Had Ann passed these fields often, walked them, even?
At last, Helen spotted a large red barn up ahead on the right. HAY BARN ANTIQUES was painted in tall white letters on the side. Perfect. She’d stop in, ask about the Gray place, get proper directions.
Helen parked, went through the front door and found herself in a room crowded with furniture and knickknacks. Classical music played from a back room. She passed an old schoolhouse desk with an abacus on top, a stuffed fox, an ornate cast-iron coal stove (FOR DECORATIVE USE ONLY, warned a hand-lettered sign), couches, chairs, mirrors, and tables of all sorts. At the end of the room, a mantel leaned precariously against the wall.
It was a reddish hardwood, polished to a shine with straight sides and carved brackets. There was something beautiful about the simplicity of the design. The price tag said $200, but it had been crossed out, marked down to $100. Helen felt drawn to it, imagined it in the living room of the new house, above the woodstove.
“It’s a lovely piece,” a voice said.
Helen turned, saw a gray-haired woman in a turtleneck with little Scottie dogs all over it. A real-life Scottish terrier trotted up behind her, squeaking a rubber hedgehog in its jaws.
“This is Mulligan,” the woman said. “He’s the real owner of the place. I just work for him. My name’s Aggie.”
Helen smiled at the woman and the dog, who was now sitting by her feet, torturing the rubber dog toy.
“The mantel is solid maple. I’d let it go for seventy-five dollars—I’ve got another load from an estate sale coming in at the end of the week and I need to make room.”
“It’s beautiful,” Helen said. “You’ve got a lot of lovely things.” She walked around a bit, stopping to pick up sad irons, to touch a treadle Singer sewing machine. Then she approached Aggie.
“Looking for anything in particular?” Aggie asked.
“I actually stopped in hoping you could help me with directions,” she said.
“Sure. You on your way to the college? Or out to the bed-and-breakfast?”
“No, actually, I’m looking for the farmhouse the Gray family used to own. I’ve got an address, 202 County Road, but couldn’t seem to find it. Maybe the address I’ve got is wrong, but—”
“No, you’ve got the address right. The house isn’t there anymore. Stood empty for a long time, no one wanted to touch it. People said it was haunted. I imagine if any place was going to be haunted, it would be that house. I think houses hold memories, don’t you?”

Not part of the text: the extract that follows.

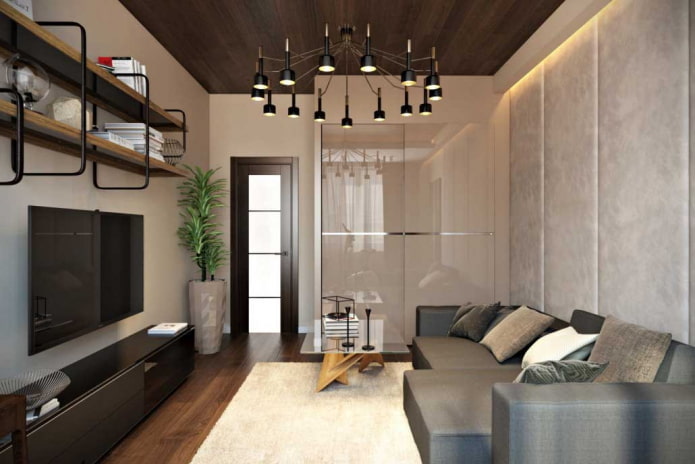 Intérieur du salon dans un appartement de 50 mètres carrés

Helen nodded, said, “Absolutely.”
“Anyway, it fell into neglect, then a doctor from out of state bought the place last year, had it all torn down—the house, the barn, everything—so he could build a fancy log house with a whole wall of windows.”

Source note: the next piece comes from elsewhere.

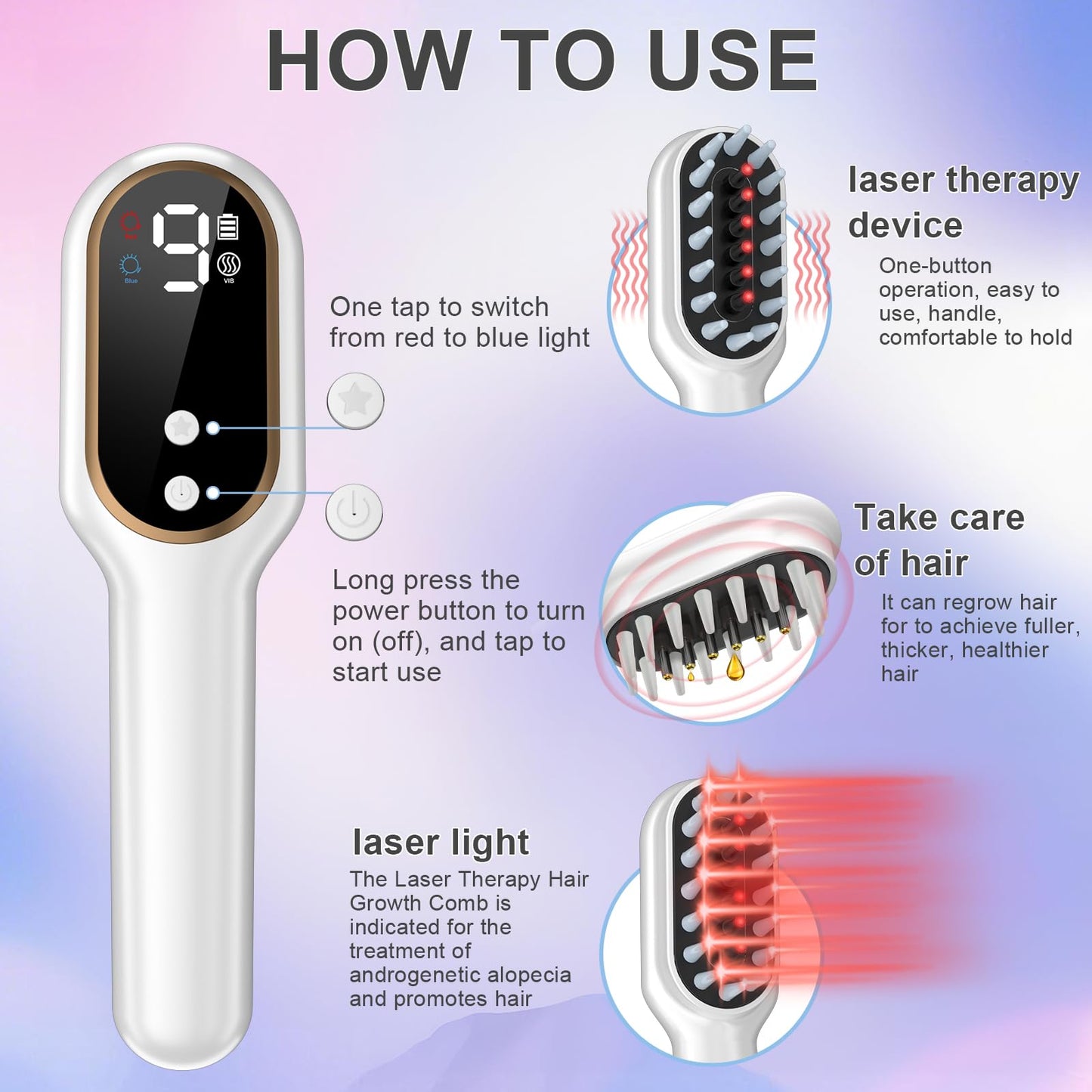 Laser Hair Growth Comb - Handheld Hair Growth Comb Device Promotes Hair Growth for Thicker, Healthier Hair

“Oh yes, I saw that,” Helen said.
Aggie nodded, stepped over to a table full of knickknacks. “One of those big prefab things trucked in. He put in a pond, stocked it with trout so he can fish whenever he wants. He comes up a few weekends a year. Place sits empty most of the time.” Aggie’s voice dripped disdain. She began to fiddle with a collection of old brass bells on the table, arranging them from largest to smallest.